J. Marshall Adkins and colleague John Freeman issued Raymond James’ 2Q2012 U.S. production survey on Tuesday. For more than a decade Raymond James has tracked publicly traded domestic natural gas exploration and production (E&P) output, which comprises about half of total U.S. production as a “fact check” on the Energy Information Administration (EIA) Form 914 data.

“It’s been awhile since we’ve heard any claims of hydraulic fracture-causing earthquakes (our guess is the media is focused on real news like the upcoming election), but we’re still monitoring the resulting natural gas tidal wave that has wreaked havoc on prices and the crude oil wave that seems to be building scary momentum,” they wrote.

“So we marked to market our rig count assumptions through August and decided to dive back into our production by play model. We also lumped our quarterly natural gas production survey into the mix as a fact check on Uncle Sam to make sure the macro-level numbers provided by the EIA match up with what we’re seeing on the ground (i.e., the actual producers).”

Onshore oil production remains “robust,” up about 800,000 b/d year/year (y/y) in 2Q2012. Although the Gulf of Mexico fell a bit, Raymond James is now forecasting full-year 2012 oil production of 6.394 million b/d (736,000 b/d of growth) and 2013 oil output of 7.246 million b/d (852,000 b/d of growth). The full-year forecasts for 2012 and 2013 “are down a modest 53,000 b/d and 29,000 b/d, respectively, from our prior forecast.”

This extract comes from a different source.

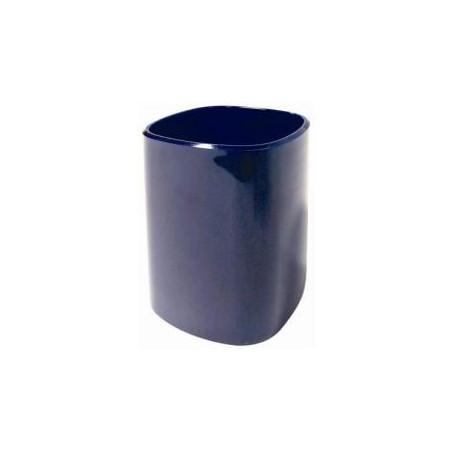 Portapenne arad blu opaco [4111ablu]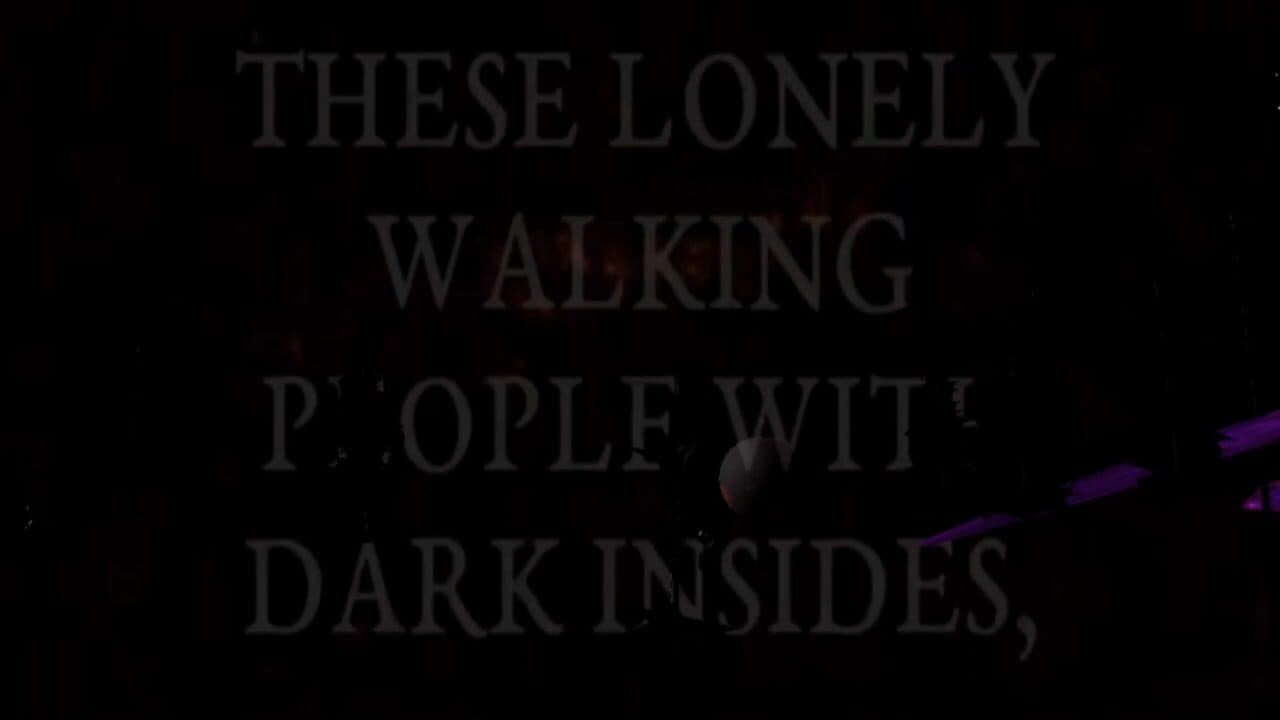 The Dark is a Soft, Warm Pressure thumbnail 15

The analysts said it was a “little too early” to complete 2Q2012 production data for three major U.S. oil plays: the Eagle Ford Shale, the Williston Basin and the Permian Basin. They track two areas in the Permian, broken out as the “Horizontal” and the “Other.” However, a comparison using 1Q2012 data indicated that the Raymond James projections match up “well” with reported output.

“We believe the market is still underestimating the ability of our exploration and production friends to produce that Texas tea.”

For natural gas, “the trend has gone from ‘grow, grow grow’ to ‘moderate, moderate moderate,'” the analysts wrote. “Considering that we’ve dropped over 440 gas rigs in less than a year, all we can say is that it’s about dang time.”

Even though the United States has dropped 440 natural gas rigs since last October, domestic output won’t decline “until 2015, thanks to the trifecta of uncompleted well inventories, associated gas production and efficiencies,” said the duo.

Raymond James still is projecting y/y gas growth of 4 Bcf/d, but the 2013 growth outlook was cut to 0.5 Bcf/d from a previous forecast of 2 Bcf/d. “Interestingly, we’re still projecting gas production growth through 2014, and although it’s very marginal growth, we believe that is a testament to both drilling efficiencies and the impact of associated gas from the oil plays.”

The Marcellus Shale is proving to be the world-class gas play that everyone has said it would be. Based on onshore gas output data verified to date, “the numbers have been right on cue sans the Haynesville, which is likely attributable to higher-than-expected shut-ins from the play,” said Adkins and Freeman.

Growth from the region appears to rival the “2009-2011 growth seen out of the Haynesville,” and “we expect the play to be the “King of the Gas Shales” by 2015 at the latest.

“Much of the current constraints from an already rampant growth rate have been on the infrastructure side, which is reasonable given the play’s large aerial extent. However, this type of constraint is likely just a near-to-medium term issue that should be resolved by 2015 as well.”